## Task objective:
Take the lines from the one containing "957 Sw Jacqueline" through the final line below and restate them exactly. Omit the pictures.

## Exercise inputs:
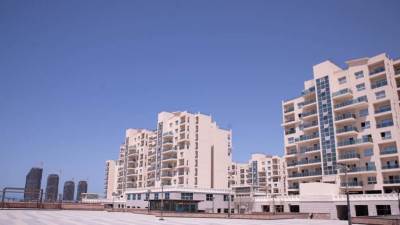 ننشر آخر مستجدات مشروعات الإسكان الجاري تنفيذها بمدينة العلمين الجديدة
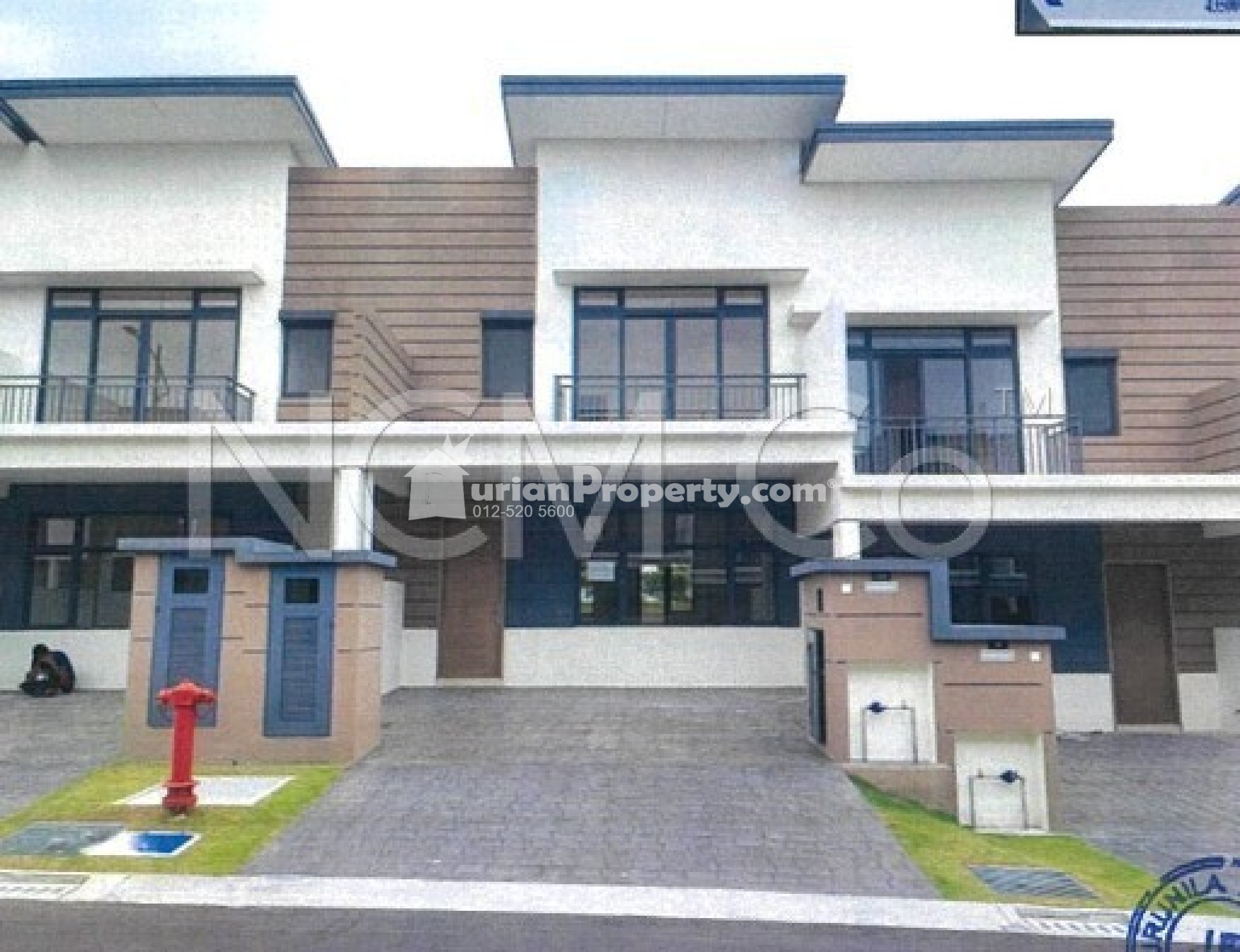 Terrace House For Auction at Diamond Residence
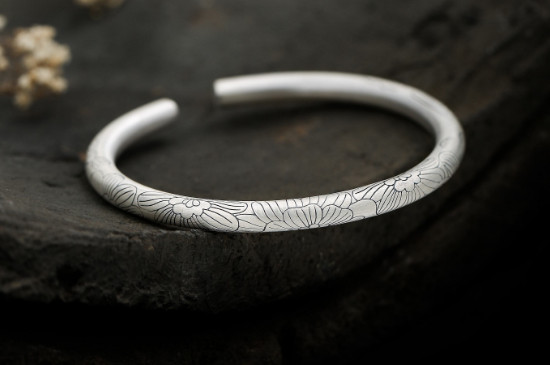 银手镯9999的是真的吗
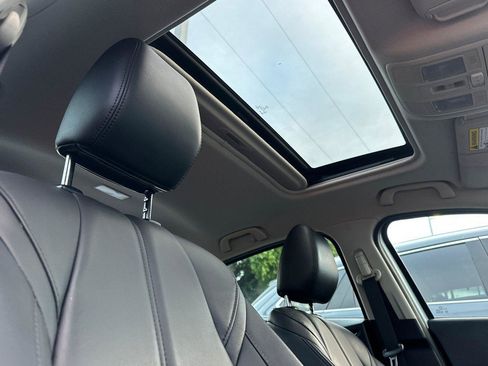 Used 2017 MAZDA MAZDA3 Touring w/ Popular Equipment Package image 16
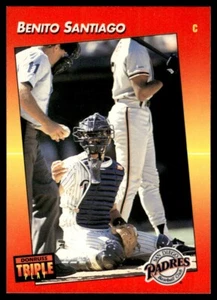 1992 Triple Play #70 Benito Santiago San Diego Padres - Picture 1 of 2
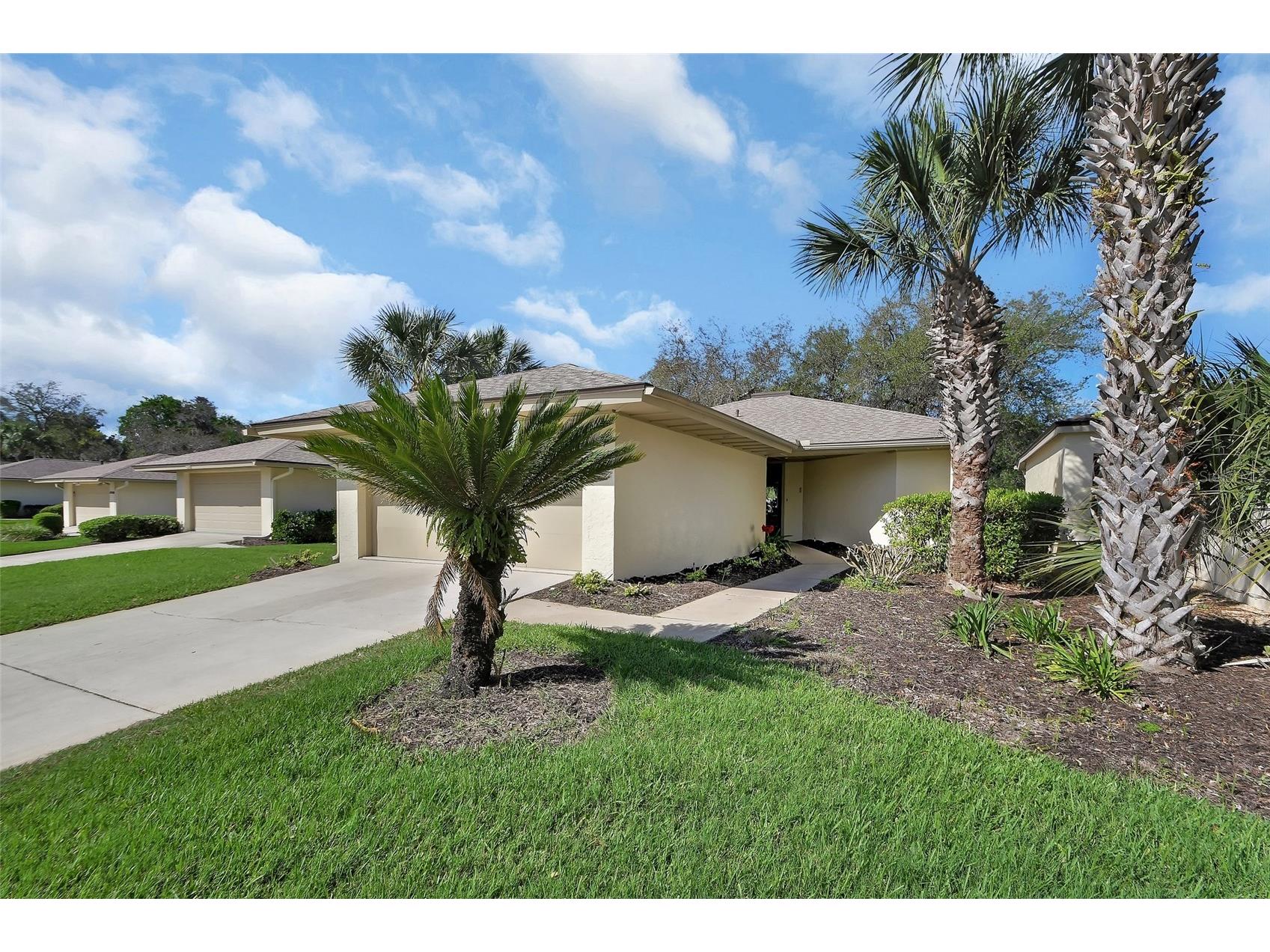 136 Turnberry Circle New Smyrna Beach FL 32168 V4948461 image2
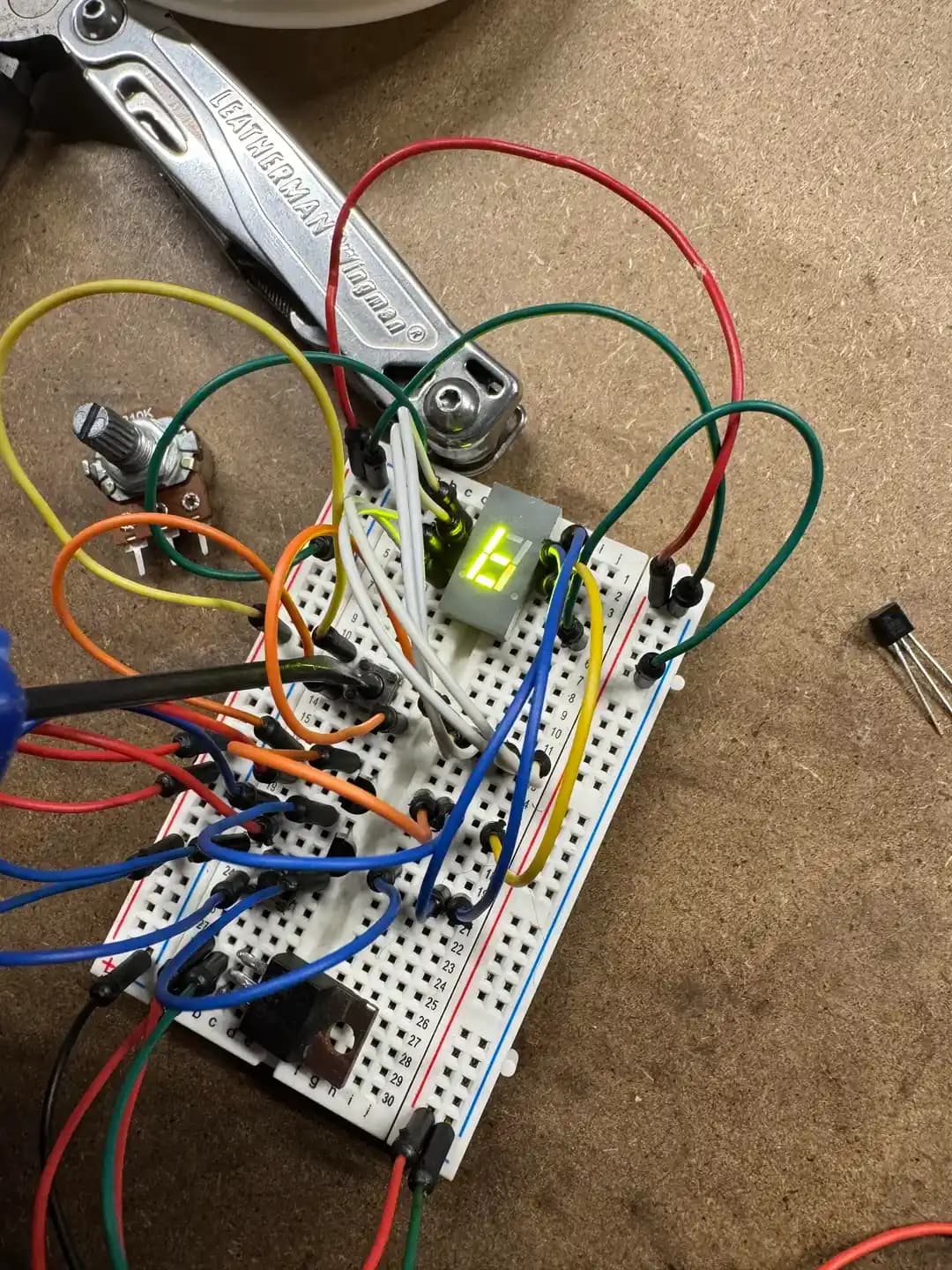 7 Segment Display ile Temel Elektronik Devre Tasarımı ve Uygulamaları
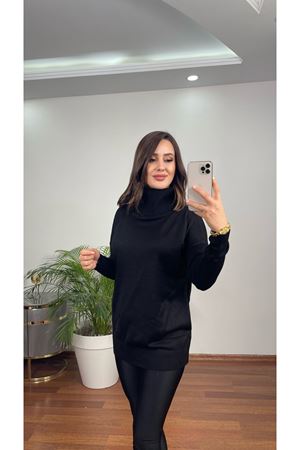 DEGAJE YAKA CEPLİ TRİKO-SİYAH 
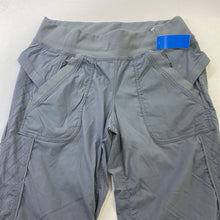 Load image into Gallery viewer, Lululemon pull on pants 8
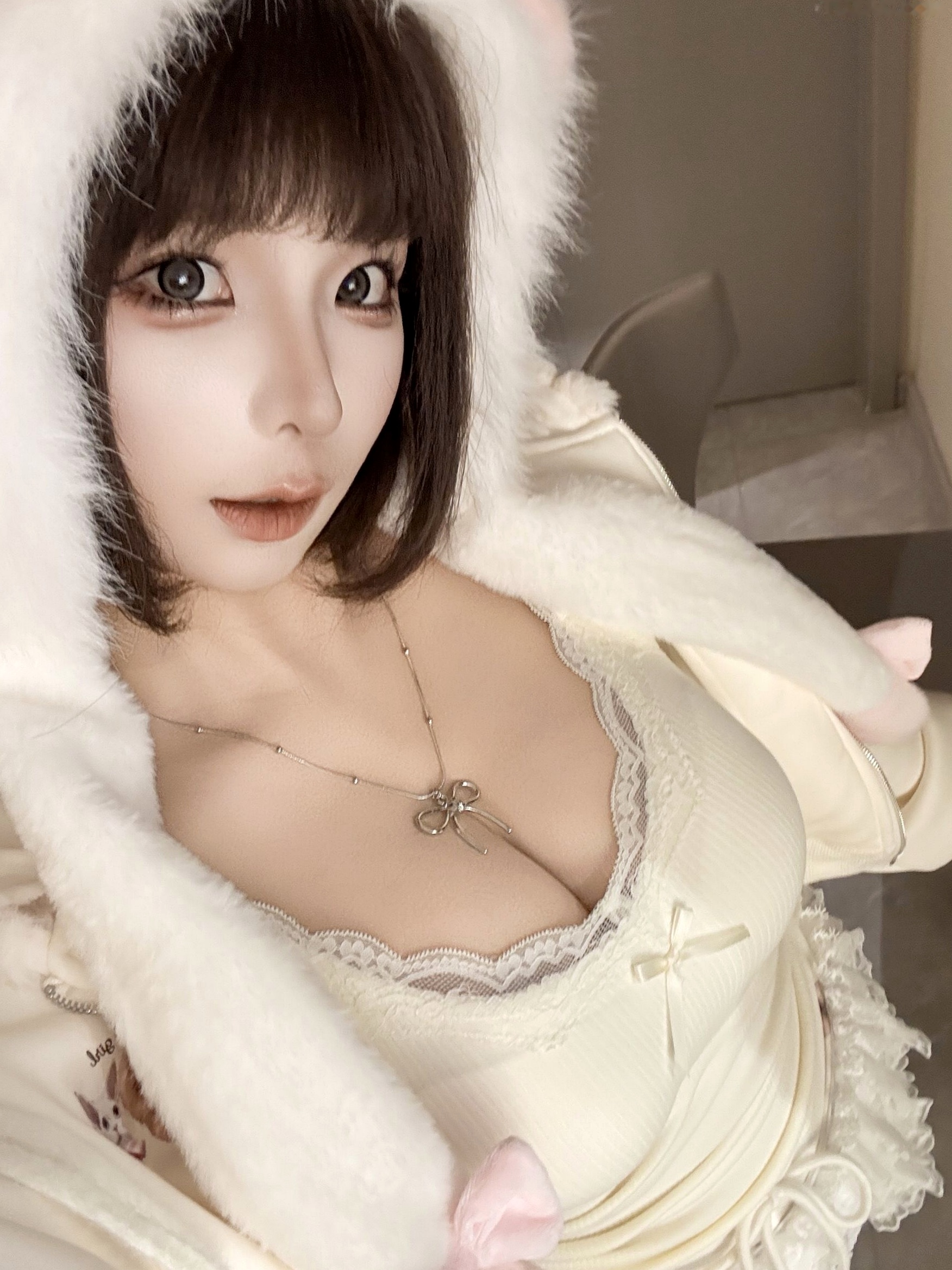 蠢沫沫-7月写真合集 绒绒毛帽蕾丝低胸私房照 萌系童颜巨乳甜美诱惑写真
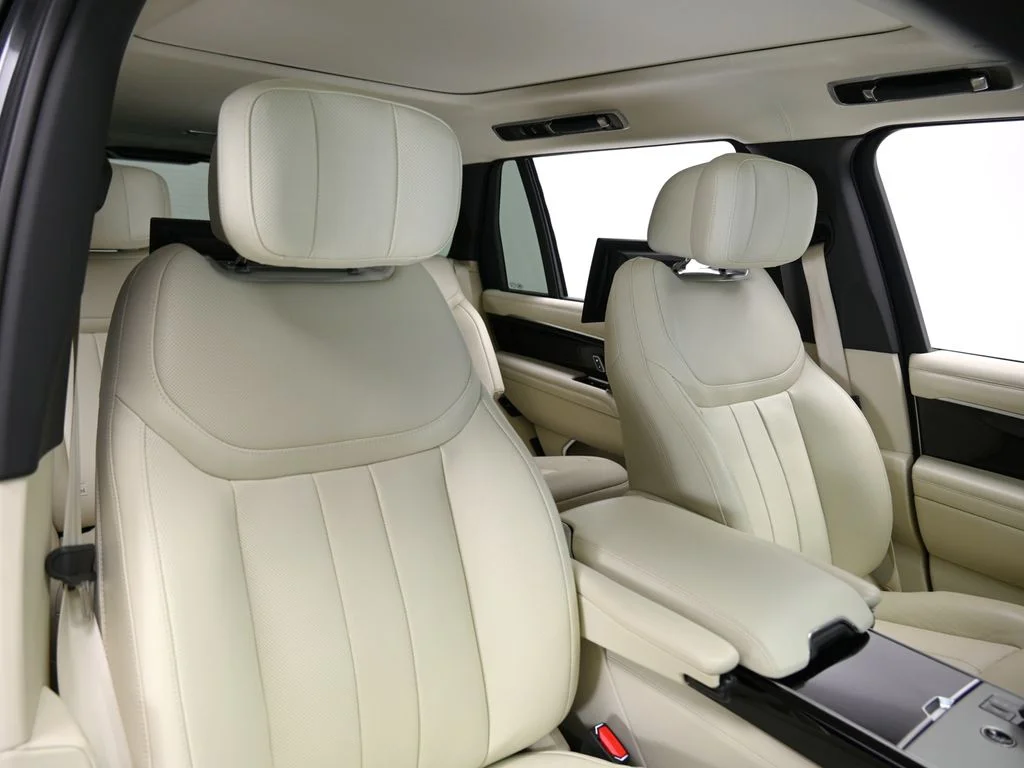Used 2025 Borasco Gray Metallic Land Rover Autobiography image 17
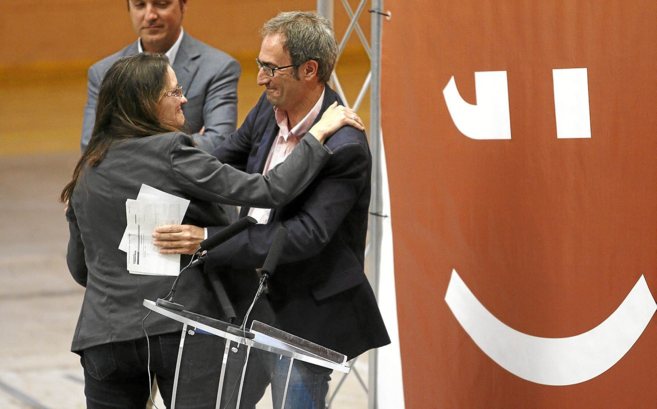 Mnica Oltra abraza a Jordi Sebasti en un acto en Alicante.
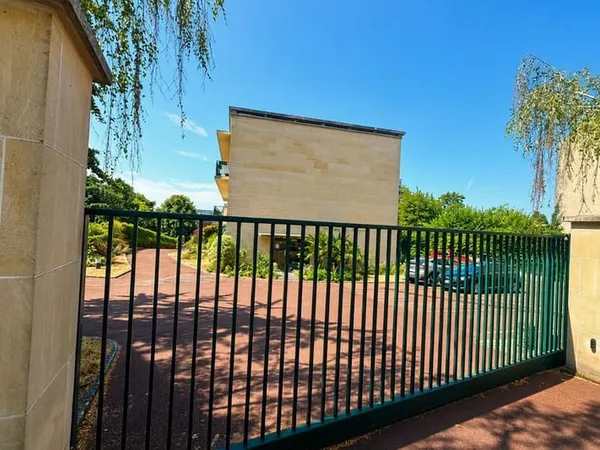 A vendre vaste appartement à Saint Germain En Laye 5 pièce(s) 122.2 m2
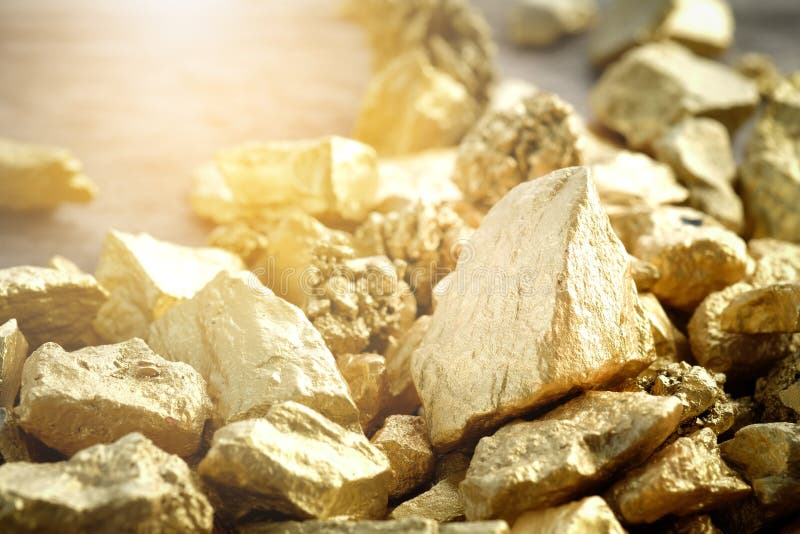 Slutet klumpa sig upp av guld- min royaltyfri fotografi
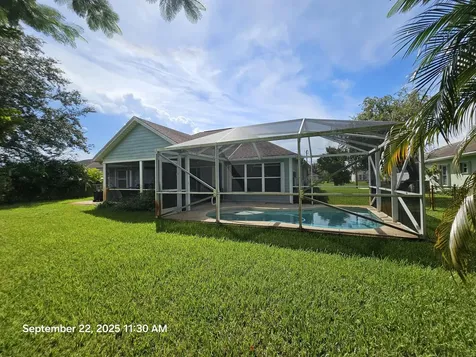 957 Sw Jacqueline Avenue Port Saint Lucie FL 34953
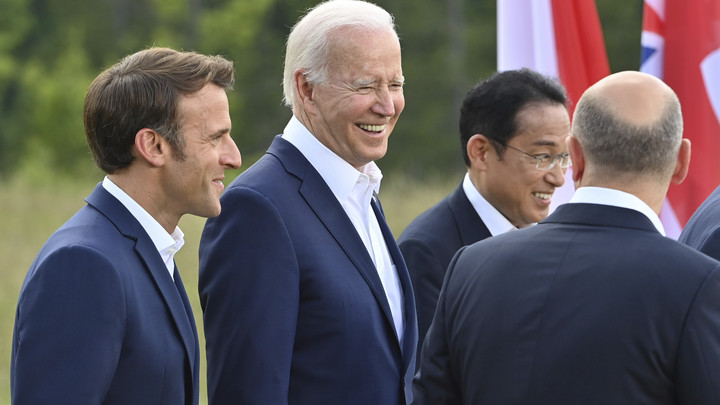 New York Post объяснил конфуз Макрона на саммите G7: Опозорился снова Байден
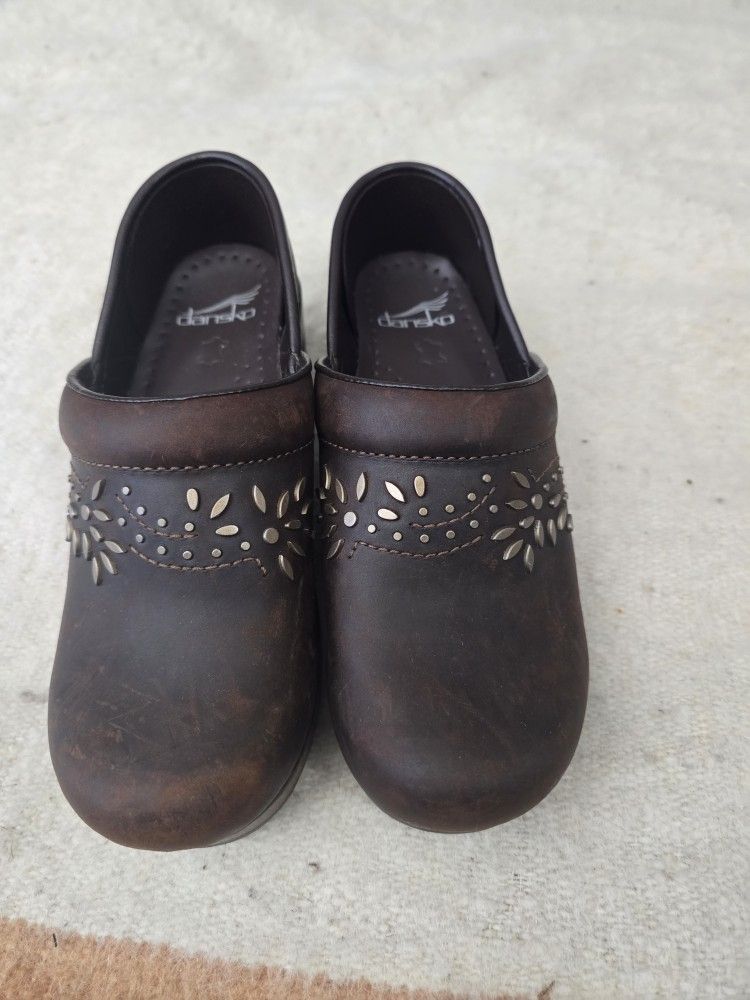 DANSKO PATRICIA BROWN STUDDED SHOES SZ 6.5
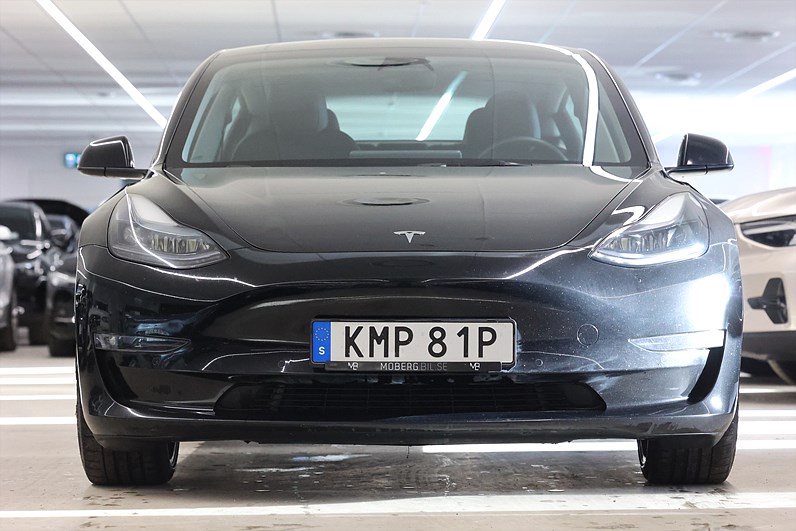Tesla Model 3 Performance 513hk Pano AWD Navi PDC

## Result of this exercise:
 957 Sw Jacqueline Avenue Port Saint Lucie FL 34953
 New York Post объяснил конфуз Макрона на саммите G7: Опозорился снова Байден
 DANSKO PATRICIA BROWN STUDDED SHOES SZ 6.5
Tesla Model 3 Performance 513hk Pano AWD Navi PDC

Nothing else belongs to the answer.